Posted: Wed May 30, 2012 8:03 pm
by mikeey01nzl
Be on your guard, just had a warning from police about keys.
We have been warned about three keys than can open 87% of cars and 95% of houses.
The keys you need to be aware of are dar-keys, pa-keys & jun-keys.

Re: The Joke Thread

Posted: Wed May 30, 2012 9:23 pm
by Bennoz
LOL!

Re: The Joke Thread

Posted: Thu May 31, 2012 11:35 am
by fraz91
I got more of a laugh out of his avatar tbh :lol:

Re: The Joke Thread

Posted: Thu May 31, 2012 12:06 pm
by fraz91
Not sure if this was off here or another forum, but it's hilarious nonetheless.

The setting
We have the standard 6ft. wood privacy fence in the backyard. Years ago, i woke up one morning with my neighbors dog in my yard and our dogs in the neighbors yard.
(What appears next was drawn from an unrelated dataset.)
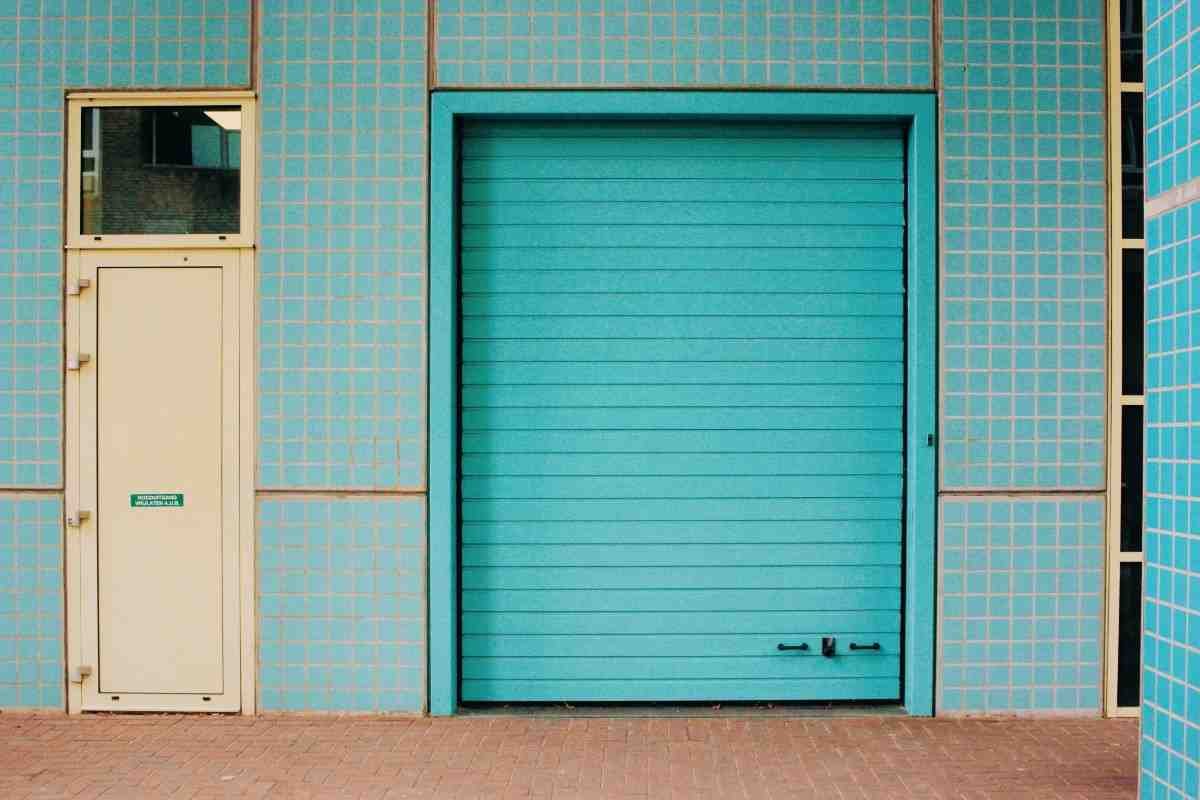 Professional garage door technician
Seems they both dug under from either side and met in the middle.

To make sure this never happened again, i got an electric fence and ran a single wire along the bottom. Actually, i did it pirate style and overkilled it. I got the biggest cattle charger Tractor Supply had, made for i think 6 miles of fence. I then used an 8 ft. long ground round, drove 7.5 feet into the ground. The ground rod is the key. The more you have in the ground, the better the fence works.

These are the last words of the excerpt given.